Com isto, verificamos que ações afirmativas são utilizadas por diferentes países e em diferentes contextos como uma ferramenta poderosa na diminuição das desigualdades sociais.
Avançamos muito, mas ainda não é o suficiente
Voltando um pouco para o Brasil, nós conseguimos ver alguns resultados de políticas afirmativas, a exemplo do aumento de 400% entre 2010 e 2019 no número de estudantes negros (pretos e pardos) em Universidades brasileiras. Pela primeira vez, a população que se declara de cor preta ou parda passou a representar mais da metade dos estudantes de ensino superior da rede pública, atingindo a presença de 50,3%. Contudo, isso não se traduz em mais pessoas negras no mercado de trabalho.
De acordo com o Instituto IDados, com base em dados da Pesquisa Nacional por Amostragem de Domicílios (PNAD Contínua) do IBGE, no primeiro trimestre de 2020, 35% de pessoas negras com ensino superior trabalhavam em cargos que dispensavam diploma.
Quando olhamos para cargos de chefia, apenas 4,9% de pessoas negras ocupam cadeiras nos Conselhos de Administração das 500 empresas de maior faturamento no Brasil. Nos EUA trabalhadores negros, indígenas americanos e nativos do Alasca permaneceram duas vezes mais propensos a estarem desempregados do que seus colegas brancos.
E o que isto nos revela?
Que precisamos de muito mais intencionalidade, e principalmente de ações coordenadas entre governos, empresas e sociedade civil na busca maior equidade no mercado de trabalho e na sociedade como um todo.
E é aqui que voltamos às ações afirmativas que preveem exclusividade ou prioridade a certos grupos sociais em vagas de emprego.
A luz não pode estar no final do túnel, ela precisa estar presente em todos nós
A Rock Content, desde janeiro deste ano, também tem estruturado ações e políticas que criam vagas exclusivas e prioritárias não apenas para pessoas com deficiência, mas também para pessoas transgêneras. E os primeiros resultados já podem ser observados com contratações que atendem tanto o quesito diversidade, como também a necessidade do negócio.
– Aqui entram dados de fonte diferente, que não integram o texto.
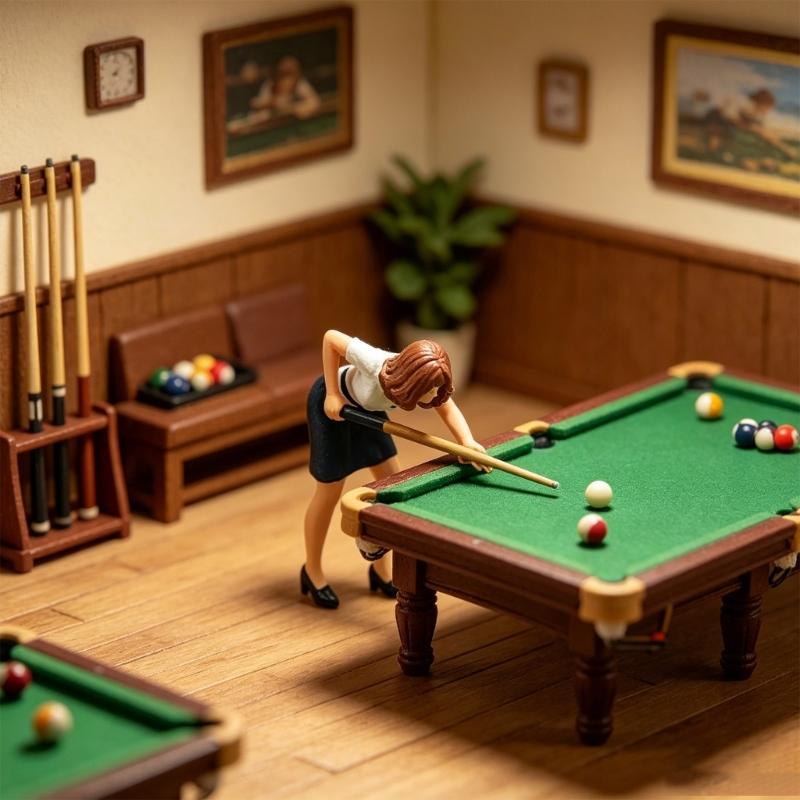 Miniature Billiard People Resin Figurine Sculpture Dioramas Model Great For Collectibles And Tabletop Display Decoration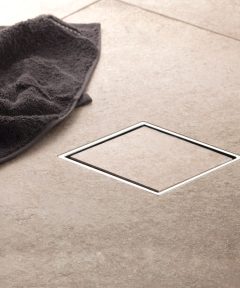 Ανοξείδωτο σιφόνι δαπέδου Confluo CERAMIC 4 Large PESTAN 15x15cm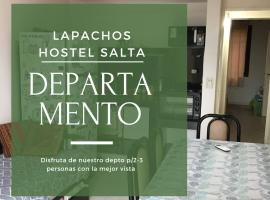 Lapacho Hostel Salta Departamento 4 personas, lavprishotell i Salta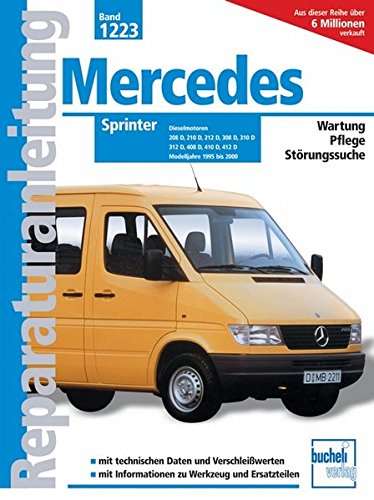 Mercedes Sprinter Dieselmotoren / Modelljahre 1995 bis 2000: 208 D, 2,3 Ltr., 58 kW / 212 D, 2,9 Ltr., 90 kW / 308 D, 2,3 Ltr., 58 kW / 312 D, 2,9 ... Mit kurzer, mittlerer und langer Karosserie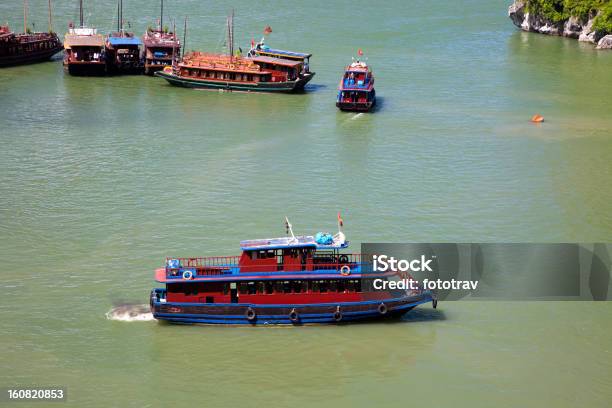 Vietnamese Junk Cruising On Halong Bay Hanoi Vietnam Stock Photo - Download Image Now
Pessoas candidatas diversas e competentes estão disponíveis no mercado. O que empresas precisam fazer — e se possível com o apoio de redes como o LinkedIn — é oferecer oportunidades.
Para além da contratação, empresas e governos precisam trabalhar para mudar a estrutura que produz e reproduz desigualdades. É preciso revisitar processos, mudar mentalidades e converter nossas palavras em ações que verdadeiramente incluirão todas as pessoas.